Pressure

It sucks. Pressure sucks. Being an only child, pressure is all on me. Not only from my parents but relatives. Also strangers who know that I'm an only child. They keep thinking, my parents attention is all on me so I should be good and do great and be amazing. It's true that my parents are amazing and yeah they put attention on me and I'm forever grateful. But what if I don't want to do the things they want me to do? I already did, just haven't finished it yet. It's to have my Bachelor's Degree.

I got my Associate's Degree in Science last May. My major is Civil Engineering. I did 2 years in the Philippines and 2 years here in USA. I should've been finished if we stayed in the Philippines. I could still studying in Arkansas to pursue Bachelor's but no, we moved to California. Who can I blame? Whatever my parents are doing moving from places to places, it is for the greater good. But I'm exhausted. Transfer, then again and now I'm pressured.
For 21 years living in this crazy world, I learned that I easily get bored. And it's bad I guess but it's who I am. It also doesn't mean that I'm a lazy lady. I have plans. Clearer than before. More planned out compare to 4 years or even a year ago. Why? Because I'm learning. Not from only from college but from my experiences and myself.
As of now, I do not want to study again. I know I can finish it within a year but I just don't want to. I wanna work, I don't care if it's not even half of the rate of the work I might have if I have Bachelor's but I just don't want it. I don't wanna waste money and time and my mind learning again. I need a break. Or that's just it, I don't know. Engineers that finish their college late keeps telling me, it's worth it, I'm glad I came back to school. Good for them, Maybe I'll be like that in the future. But now, I don't know. All I know is I wanna work, earn, buy what I want for my plans while do things that are interesting. I know I may not have the money if I finish it, but I have a plan. And I feel good about it.

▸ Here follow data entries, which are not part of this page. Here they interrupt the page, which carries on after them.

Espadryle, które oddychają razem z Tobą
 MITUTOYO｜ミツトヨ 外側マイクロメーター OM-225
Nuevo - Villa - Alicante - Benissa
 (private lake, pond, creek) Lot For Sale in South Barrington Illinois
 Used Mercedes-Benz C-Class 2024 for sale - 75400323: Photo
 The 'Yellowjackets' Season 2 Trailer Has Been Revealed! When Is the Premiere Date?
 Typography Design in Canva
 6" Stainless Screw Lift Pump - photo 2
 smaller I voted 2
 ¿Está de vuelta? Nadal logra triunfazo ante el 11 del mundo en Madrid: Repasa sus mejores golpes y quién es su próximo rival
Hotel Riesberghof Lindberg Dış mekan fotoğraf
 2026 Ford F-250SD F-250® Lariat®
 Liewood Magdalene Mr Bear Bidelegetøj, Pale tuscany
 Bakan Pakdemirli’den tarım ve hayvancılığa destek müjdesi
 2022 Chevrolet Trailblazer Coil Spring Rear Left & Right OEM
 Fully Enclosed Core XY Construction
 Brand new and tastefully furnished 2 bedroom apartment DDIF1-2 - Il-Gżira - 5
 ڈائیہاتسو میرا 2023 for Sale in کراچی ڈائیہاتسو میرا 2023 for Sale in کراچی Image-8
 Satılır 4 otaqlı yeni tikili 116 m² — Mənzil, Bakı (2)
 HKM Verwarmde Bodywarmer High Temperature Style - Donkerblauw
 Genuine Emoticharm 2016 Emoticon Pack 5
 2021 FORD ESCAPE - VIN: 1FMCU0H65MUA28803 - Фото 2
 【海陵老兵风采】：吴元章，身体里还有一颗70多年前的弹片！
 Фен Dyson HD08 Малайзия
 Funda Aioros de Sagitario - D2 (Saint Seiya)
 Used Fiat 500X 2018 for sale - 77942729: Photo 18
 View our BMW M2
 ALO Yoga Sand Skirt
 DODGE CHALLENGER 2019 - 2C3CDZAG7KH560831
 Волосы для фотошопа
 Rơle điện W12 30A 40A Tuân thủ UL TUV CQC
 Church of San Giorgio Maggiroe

I do not need to be the great and amazing only child. I just wanna be good and happy. What's the purpose of handwork if you don't like what you're working on?
Sorry for rambling. It just sucks having parents pressuring you to finish what you don't want to. They haven't ask me if I want to come back. Don't get me wrong, I love them to death and again I'm forever grateful. I just don't want to come back. I have plans. That's why sometimes, I wanna move out on my own. I know I can, but then they'll be sad because I'm alone. And keep telling me, If you buy a house, be close. So what can I do?